More international students study in U.S., report says

Benjamin Sandell

According to an annual report by the Institute of International Education, there has been a steep increase in the number of students participating in international studies at universities across the nation.
The report, Opendoors 2000, stated the foreign student population in the United States is now 514,723, a 4.8 percent increase from last year. The report also revealed the University has one of the larger international student populations.
According to the study, 3,061 students from other countries attended the University during the 1999-2000 school year.
When compared to all other research universities, the University ranked 16th in number of enrolled international students. New York University was first on the list, with 4,890 foreign students.
Although the report did not address the number of students from the University studying abroad, University officials said that number is growing as well.
“We’re really happy to see this,” said Kay Thomas, director of International Student and Scholar Services. She said the University is an attractive institution for foreign students. “We have good programs and services,” she said.
According to Thomas, 966 new international students joined the University this fall, approximately 16 percent higher than the 806 new students who joined the year before.
People from other counties are realizing that an international education is important, she added, but the University has not done enough to recruit undergraduates.
University officials have been increasing their efforts to attract more students from other countries in hopes of raising the number of international students at the University even higher.
Kathleen Sellew, director of faculty services for the Office of International Programs, said the University has been showcasing its qualities to other countries and has been working with international representatives.
She added there has also been an increase in the number of University professors teaching at foreign institutions, and there is a rise of the population of University students studying abroad.

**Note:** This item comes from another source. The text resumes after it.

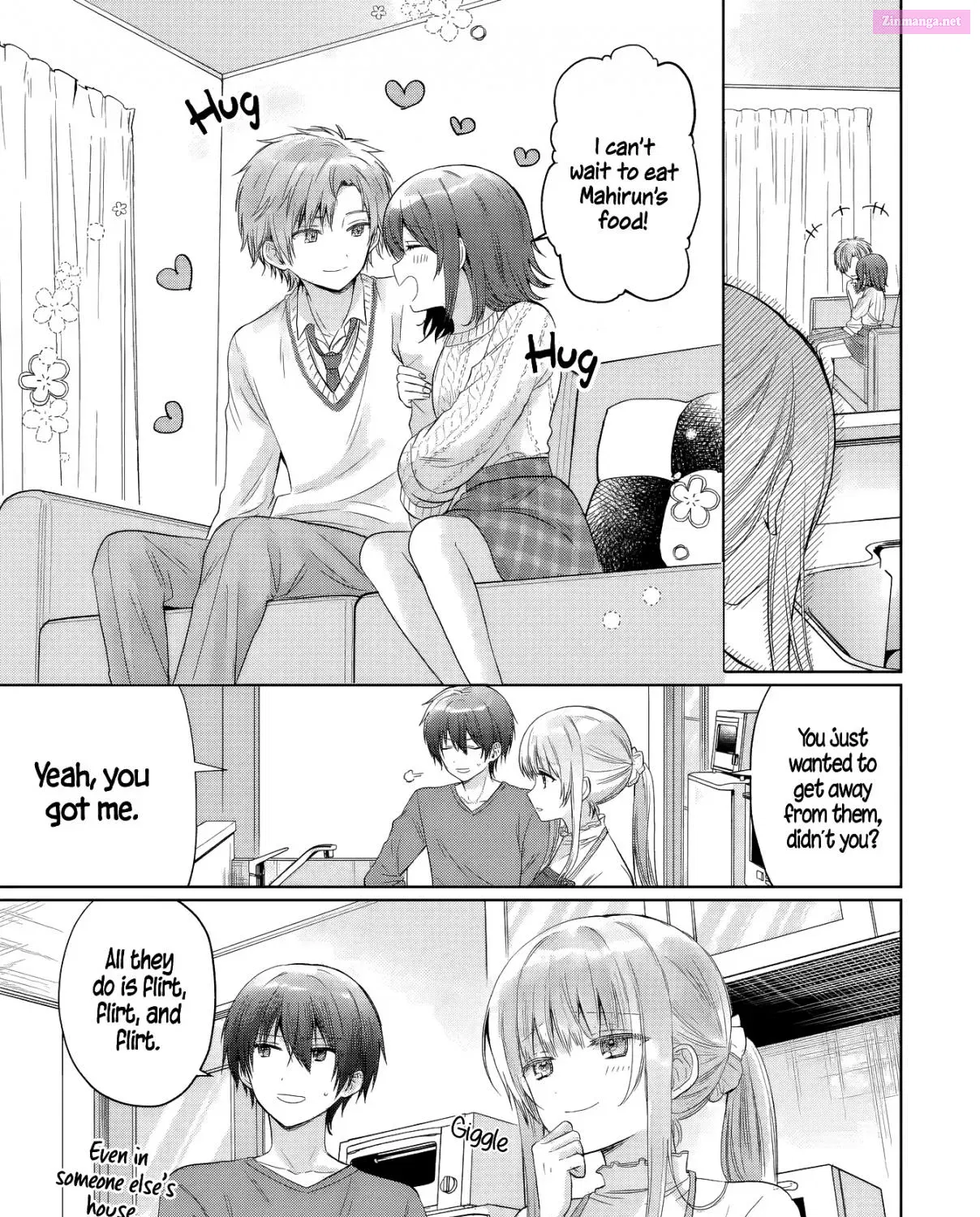Otonari no Tenshi-sama ni Itsu no Ma ni ka Dame Ningen ni Sareteita Ken Kainu Manga Chapter 20.2 Page 3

Michelle Cumming, collegiate initiative coordinator at Global Campus, said there has been a steady increase in study abroad enrollment since the early 1990s.
According to the OIP, the University now has 1,017 students studying abroad. This number is up from 800 students in the 1997-1998 school year. But, Cumming said, the Global Campus is not yet satisfied.
“The University has set the goal of increasing the activity to 2,500 undergraduates per year,” Cumming said.
The number of U.S. students studying abroad has increased 45 percent in the last four years, according to the IIE report.
President Clinton issued an international education policy earlier this year to support and encourage global studying abroad. A direct result of this policy is the U.S. International Education Week which began on Monday.
The rising trend of international study participation has been a global phenomenon, Cumming said. She added that the rise in America’s good economy and the strength of the dollar may be responsible.
Thomas said the increase in international participation is important because it enhances global and cultural perspective. As a result, “All academic fields benefit,” she said.